В богатой истории российской этнографии сектантских движений можно проследить три этапа, которые Мирослав Грох (Hroch 1985) описал в классическом исследовании восточноевропейских форм национализма. На первом этапе ученые собирают и распространяют информацию о меньшинствах. На втором активисты пытаются получить доступ к этим группам и включить их в проект будущей нации, которая будет радикально отличаться от нынешней. Для третьего этапа характерно формирование массового движения, принимающее совсем не ту форму, о которой мечтали энтузиасты в начале процесса. Ключевым явился второй этап, когда этнографы использовали две стратегии, чтобы радикализовать дискуссии о русских сектах. Во-первых, они преувеличивали странности сектантов, пересказывая обвинения, выдвинутые против них православными миссионерами, но меняя тон этих рассказов на романтический и даже утопический. Составной частью этой модернизации было сравнение русских сект с американскими – шейкерами, мормонами и «библейскими коммунистами» (см. подробнее: Эткинд 2001b). Во-вторых, этнографы смешивали разные религиозные группы, что позволяло оценивать общее количество «сектантов и старообрядцев» очень большими числами.
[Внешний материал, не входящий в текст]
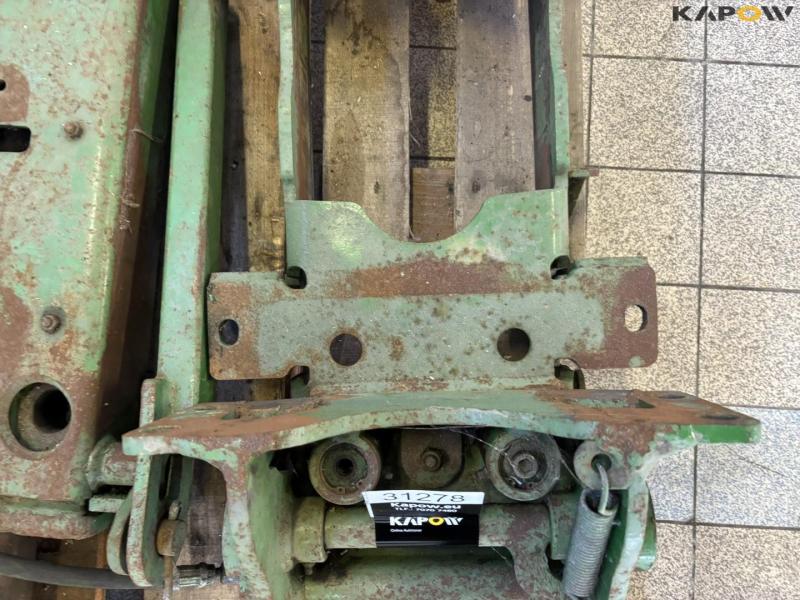 John Deere hitch towing bracket 11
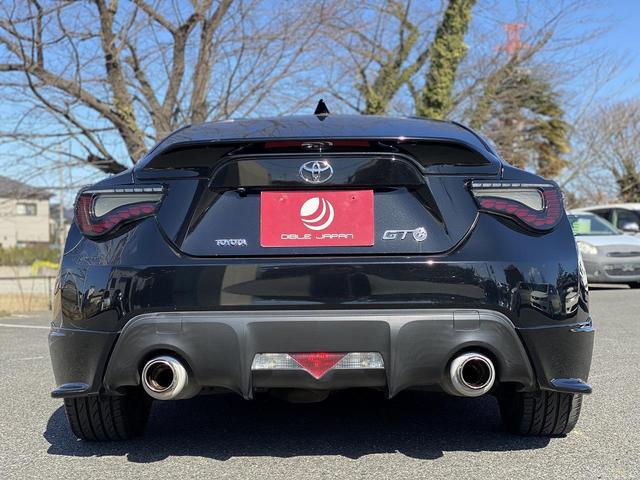 ８６ ＧＴ　１年保証付　社外ＬＥＤヘッドライト＆テールランプ　フルエアロ　リヤスポイラー　ＨＫＳマフラー　ＫＥＮＷＯＯＤメモリーナビ　フルセグＴＶ　Ｂｌｕｅｔｏｏｔｈ　ＵＳＢ　音楽ＳＤ　バックカメラ　ＥＴＣ（7枚目）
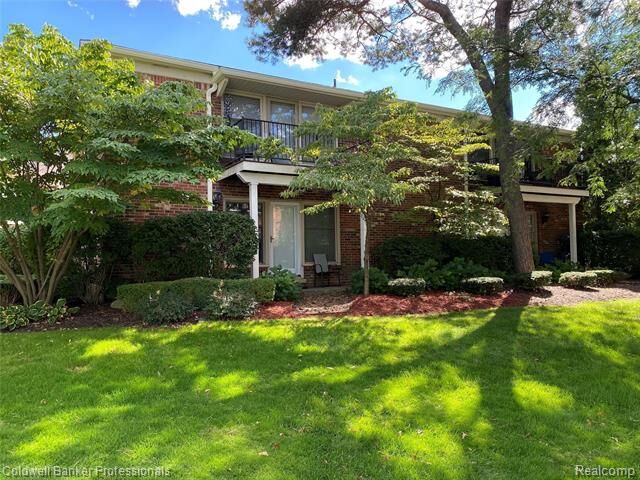 Property Photo:  885 N Old Woodward Avenue 15  MI 48009 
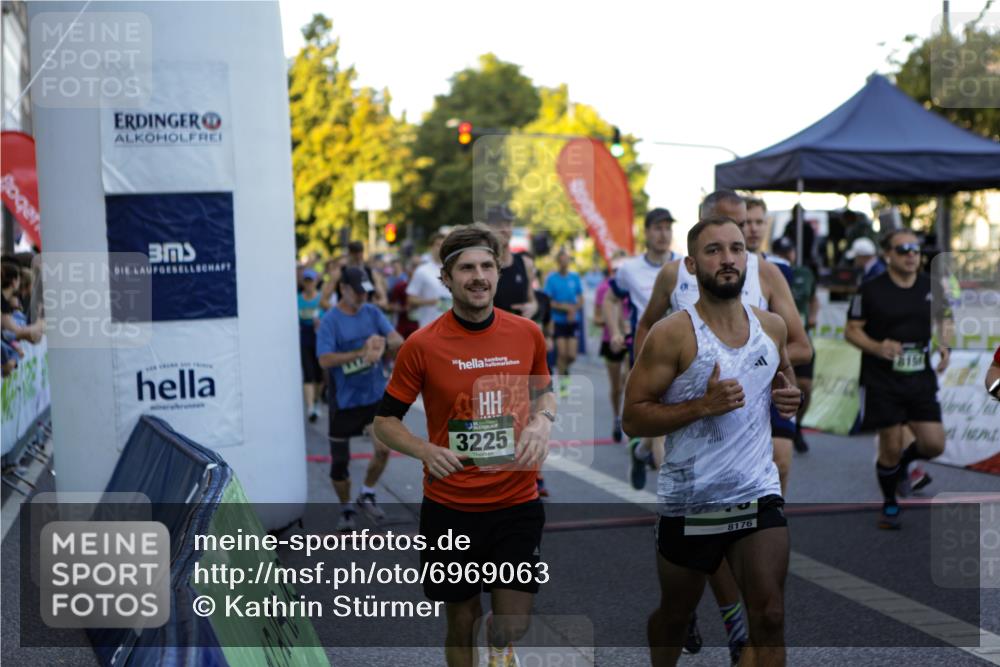 01.09.2024 - BARMER Alsterlauf Kathrin Stürmer Photography http://msf.ph/oto/6969063 01.09.2024 09:00:32 Ziel  meine-sportfotos.de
В 1861 году в одной из прокламаций количество «сектантов, не признающих царя» было оценено в 9 миллионов (Шелгунов, Михайлов 1958: 96). В 1867 году политический эмигрант Николай Огарев писал, что «почти половина нашего населения» – раскольники (1952: 773). В 1924 году Владимир Бонч-Бруевич опубликовал в «Правде» статью, где утверждал, что 35 миллионов, то есть «не менее трети населения всей страны принадлежит к этим группам» (сектантству и старообрядчеству). Решающим фактором было сочетание раздутой статистики, которая включала в себя очень разные группы, и красочных описаний самых радикальных сообществ, которые подавались как типические изображения всех этих миллионов сектантов.

Воинствующие паломники

В то самое время, когда Министерство внутренних дел наняло Щапова для решения своих полицейских задач, эмигрант Василий Кельсиев читал того же Щапова, пытаясь начать подрывную работу. По образованию востоковед, по образу жизни эмигрант, по призванию революционер, Кельсиев рассказывал о своем опыте чтения Щапова, смешивая ориенталистские, романтические и сектантские термины:

Я чуть в уме не тронулся. Точно жизнь моя переломилась, точно я другим человеком стал… Мне казалось при чтении их, что я вхожу в неведомый, таинственный мир, в мир сказок Гофмана, Эдгара По или «Тысячи и одной ночи». Скопцы, с их мистическими обрядами… хлысты, с их причудливыми верованиями… интриги старообрядческих вожаков… – все это неожиданно открылось мне в эту ночь; секта сменяла секту, образы неслись передо мною один за другим, точно в волшебном фонаре, я читал, читал, перечитывал, голова кружилась, дух спирался в груди (1941: 285).